土偶を黒く着色する燻し焼きにつかうオガクズを工務店「匠」さんにもらいに行ったら、渡辺社長が家具部門に案内してくれた。同行者は漁師の松沢さん。
家具職人の長内さんと社長が共同開発した椅子が大評判だそうだが、座り心地やデザインだけでなく手触りが素晴らしいのだ。北欧の椅子のような毅然とした存在感ともちがって、柔らかくて温かみのある優美な曲線をもつデザイン。
わたしは家具をふくめた木工品が好きだから、輸入品もふくめて色々みてきたし座らせてもらってきたが、こちらの椅子に座らせてもらうと、自然にひじ掛けを撫でさすり続けてしまう。
立体造形物は奥行きと密度が重要で、わたしもヒスイ加工で肝にめいじていること。奥行きを感じない平面的なヒスイ製品が多いのだ。
そこに加えて「目に当たらない造形は触覚も心地よい」とも考えている。「当たる」とは、靴のなかに入った小石のような遺物感のことだ。
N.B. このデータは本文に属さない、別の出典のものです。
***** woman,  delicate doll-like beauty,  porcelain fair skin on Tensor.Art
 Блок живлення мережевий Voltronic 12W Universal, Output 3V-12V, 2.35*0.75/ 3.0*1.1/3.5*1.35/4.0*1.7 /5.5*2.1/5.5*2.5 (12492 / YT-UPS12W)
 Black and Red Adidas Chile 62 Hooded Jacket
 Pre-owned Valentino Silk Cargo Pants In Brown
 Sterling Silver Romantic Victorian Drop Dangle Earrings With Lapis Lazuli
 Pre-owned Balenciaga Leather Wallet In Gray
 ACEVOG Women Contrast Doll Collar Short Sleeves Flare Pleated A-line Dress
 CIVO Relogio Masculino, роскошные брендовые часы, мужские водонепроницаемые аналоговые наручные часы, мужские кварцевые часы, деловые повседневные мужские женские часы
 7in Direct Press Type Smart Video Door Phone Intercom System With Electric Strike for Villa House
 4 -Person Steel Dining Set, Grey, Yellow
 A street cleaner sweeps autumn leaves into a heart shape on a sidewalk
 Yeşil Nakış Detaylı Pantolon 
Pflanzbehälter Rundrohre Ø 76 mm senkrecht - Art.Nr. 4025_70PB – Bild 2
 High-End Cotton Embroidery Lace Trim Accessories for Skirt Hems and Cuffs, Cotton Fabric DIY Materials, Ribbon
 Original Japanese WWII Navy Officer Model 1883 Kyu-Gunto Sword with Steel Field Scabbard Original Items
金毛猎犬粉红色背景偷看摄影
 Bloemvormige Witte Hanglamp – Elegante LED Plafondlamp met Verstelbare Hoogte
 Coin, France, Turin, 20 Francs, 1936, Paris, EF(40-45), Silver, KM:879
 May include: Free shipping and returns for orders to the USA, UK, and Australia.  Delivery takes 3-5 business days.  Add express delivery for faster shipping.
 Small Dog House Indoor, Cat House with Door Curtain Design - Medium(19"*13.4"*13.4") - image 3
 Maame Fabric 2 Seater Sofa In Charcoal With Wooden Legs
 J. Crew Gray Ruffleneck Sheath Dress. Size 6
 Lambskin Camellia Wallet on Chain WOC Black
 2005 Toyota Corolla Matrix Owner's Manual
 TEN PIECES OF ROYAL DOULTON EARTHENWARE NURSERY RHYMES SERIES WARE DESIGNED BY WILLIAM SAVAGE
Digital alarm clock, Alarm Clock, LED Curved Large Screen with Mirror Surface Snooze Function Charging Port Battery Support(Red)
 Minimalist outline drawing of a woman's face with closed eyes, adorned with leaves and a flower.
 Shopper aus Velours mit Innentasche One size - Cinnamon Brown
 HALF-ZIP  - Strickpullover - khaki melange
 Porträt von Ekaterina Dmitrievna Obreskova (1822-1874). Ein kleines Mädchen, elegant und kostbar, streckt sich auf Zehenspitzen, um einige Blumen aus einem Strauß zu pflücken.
ヒスイの質を褒められても加工技術とは無関係だから嬉しくもないが、見飽きないとか、手触りが気持ちいいのでずっと握っていたくなるとの評価は最大級の褒め言葉。
こちらは通常の平ガンナ、刳り小刀、南京カンナ。家具工房にしては大型機械が少なく、手道具がたくさん並んでいるのが特徴。
長内さんとそんなことを話し合ったが、業種はちがっても共感できる職人が地元にいることは励み。彼女は青森の亀ヶ岡遺跡の近くの出身だそうだから、もしかしたら苗字の長内は北海道の稚内(わっかない)の内と同じく、アイヌ語の「綺麗な水が湧くところ」に由来しているのかな。
優美な曲面を削り出すための刃物は特注品が多い。